## DATA FOR THE TASK
****

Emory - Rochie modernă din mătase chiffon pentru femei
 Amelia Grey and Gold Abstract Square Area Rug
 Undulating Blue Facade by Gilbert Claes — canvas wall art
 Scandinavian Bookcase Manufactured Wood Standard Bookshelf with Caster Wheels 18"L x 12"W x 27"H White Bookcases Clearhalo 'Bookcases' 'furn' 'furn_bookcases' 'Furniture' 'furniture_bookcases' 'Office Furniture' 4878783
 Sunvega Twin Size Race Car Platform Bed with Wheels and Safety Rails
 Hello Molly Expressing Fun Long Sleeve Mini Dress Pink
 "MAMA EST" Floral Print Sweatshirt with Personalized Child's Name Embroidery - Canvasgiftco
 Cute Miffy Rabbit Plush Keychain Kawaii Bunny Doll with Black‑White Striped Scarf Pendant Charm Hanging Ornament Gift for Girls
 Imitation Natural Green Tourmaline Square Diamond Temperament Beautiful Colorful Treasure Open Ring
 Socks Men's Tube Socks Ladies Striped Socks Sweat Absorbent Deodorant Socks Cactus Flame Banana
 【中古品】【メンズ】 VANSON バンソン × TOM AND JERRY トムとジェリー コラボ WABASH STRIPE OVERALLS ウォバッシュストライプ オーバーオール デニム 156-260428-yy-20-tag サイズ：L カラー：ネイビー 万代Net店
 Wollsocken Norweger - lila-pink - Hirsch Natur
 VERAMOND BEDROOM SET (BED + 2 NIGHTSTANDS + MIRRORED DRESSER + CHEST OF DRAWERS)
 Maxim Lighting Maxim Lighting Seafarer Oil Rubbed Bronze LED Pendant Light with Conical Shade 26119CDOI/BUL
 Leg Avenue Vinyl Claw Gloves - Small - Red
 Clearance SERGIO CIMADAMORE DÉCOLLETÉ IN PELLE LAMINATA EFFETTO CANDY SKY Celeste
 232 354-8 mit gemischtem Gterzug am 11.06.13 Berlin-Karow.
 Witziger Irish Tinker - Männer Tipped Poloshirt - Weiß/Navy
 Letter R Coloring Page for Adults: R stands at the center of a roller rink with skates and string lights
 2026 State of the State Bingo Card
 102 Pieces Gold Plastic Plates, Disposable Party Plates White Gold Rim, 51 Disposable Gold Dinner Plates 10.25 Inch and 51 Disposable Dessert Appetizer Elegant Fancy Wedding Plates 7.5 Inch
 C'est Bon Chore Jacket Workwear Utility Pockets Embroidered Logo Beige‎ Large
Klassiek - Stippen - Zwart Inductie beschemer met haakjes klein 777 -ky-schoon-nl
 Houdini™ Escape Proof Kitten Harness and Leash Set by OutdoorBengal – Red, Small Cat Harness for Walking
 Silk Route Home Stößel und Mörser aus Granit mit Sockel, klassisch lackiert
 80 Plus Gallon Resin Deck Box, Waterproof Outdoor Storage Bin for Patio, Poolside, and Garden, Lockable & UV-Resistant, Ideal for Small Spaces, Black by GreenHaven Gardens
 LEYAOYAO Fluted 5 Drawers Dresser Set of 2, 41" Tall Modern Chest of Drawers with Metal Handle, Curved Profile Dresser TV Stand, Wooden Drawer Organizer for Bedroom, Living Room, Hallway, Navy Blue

****

## WHAT YOU SHOULD DO
Could you retype the whole listing above without altering a word?

## ANSWER
Emory - Rochie modernă din mătase chiffon pentru femei
 Amelia Grey and Gold Abstract Square Area Rug
 Undulating Blue Facade by Gilbert Claes — canvas wall art
 Scandinavian Bookcase Manufactured Wood Standard Bookshelf with Caster Wheels 18"L x 12"W x 27"H White Bookcases Clearhalo 'Bookcases' 'furn' 'furn_bookcases' 'Furniture' 'furniture_bookcases' 'Office Furniture' 4878783
 Sunvega Twin Size Race Car Platform Bed with Wheels and Safety Rails
 Hello Molly Expressing Fun Long Sleeve Mini Dress Pink
 "MAMA EST" Floral Print Sweatshirt with Personalized Child's Name Embroidery - Canvasgiftco
 Cute Miffy Rabbit Plush Keychain Kawaii Bunny Doll with Black‑White Striped Scarf Pendant Charm Hanging Ornament Gift for Girls
 Imitation Natural Green Tourmaline Square Diamond Temperament Beautiful Colorful Treasure Open Ring
 Socks Men's Tube Socks Ladies Striped Socks Sweat Absorbent Deodorant Socks Cactus Flame Banana
 【中古品】【メンズ】 VANSON バンソン × TOM AND JERRY トムとジェリー コラボ WABASH STRIPE OVERALLS ウォバッシュストライプ オーバーオール デニム 156-260428-yy-20-tag サイズ：L カラー：ネイビー 万代Net店
 Wollsocken Norweger - lila-pink - Hirsch Natur
 VERAMOND BEDROOM SET (BED + 2 NIGHTSTANDS + MIRRORED DRESSER + CHEST OF DRAWERS)
 Maxim Lighting Maxim Lighting Seafarer Oil Rubbed Bronze LED Pendant Light with Conical Shade 26119CDOI/BUL
 Leg Avenue Vinyl Claw Gloves - Small - Red
 Clearance SERGIO CIMADAMORE DÉCOLLETÉ IN PELLE LAMINATA EFFETTO CANDY SKY Celeste
 232 354-8 mit gemischtem Gterzug am 11.06.13 Berlin-Karow.
 Witziger Irish Tinker - Männer Tipped Poloshirt - Weiß/Navy
 Letter R Coloring Page for Adults: R stands at the center of a roller rink with skates and string lights
 2026 State of the State Bingo Card
 102 Pieces Gold Plastic Plates, Disposable Party Plates White Gold Rim, 51 Disposable Gold Dinner Plates 10.25 Inch and 51 Disposable Dessert Appetizer Elegant Fancy Wedding Plates 7.5 Inch
 C'est Bon Chore Jacket Workwear Utility Pockets Embroidered Logo Beige‎ Large
Klassiek - Stippen - Zwart Inductie beschemer met haakjes klein 777 -ky-schoon-nl
 Houdini™ Escape Proof Kitten Harness and Leash Set by OutdoorBengal – Red, Small Cat Harness for Walking
 Silk Route Home Stößel und Mörser aus Granit mit Sockel, klassisch lackiert
 80 Plus Gallon Resin Deck Box, Waterproof Outdoor Storage Bin for Patio, Poolside, and Garden, Lockable & UV-Resistant, Ideal for Small Spaces, Black by GreenHaven Gardens
 LEYAOYAO Fluted 5 Drawers Dresser Set of 2, 41" Tall Modern Chest of Drawers with Metal Handle, Curved Profile Dresser TV Stand, Wooden Drawer Organizer for Bedroom, Living Room, Hallway, Navy Blue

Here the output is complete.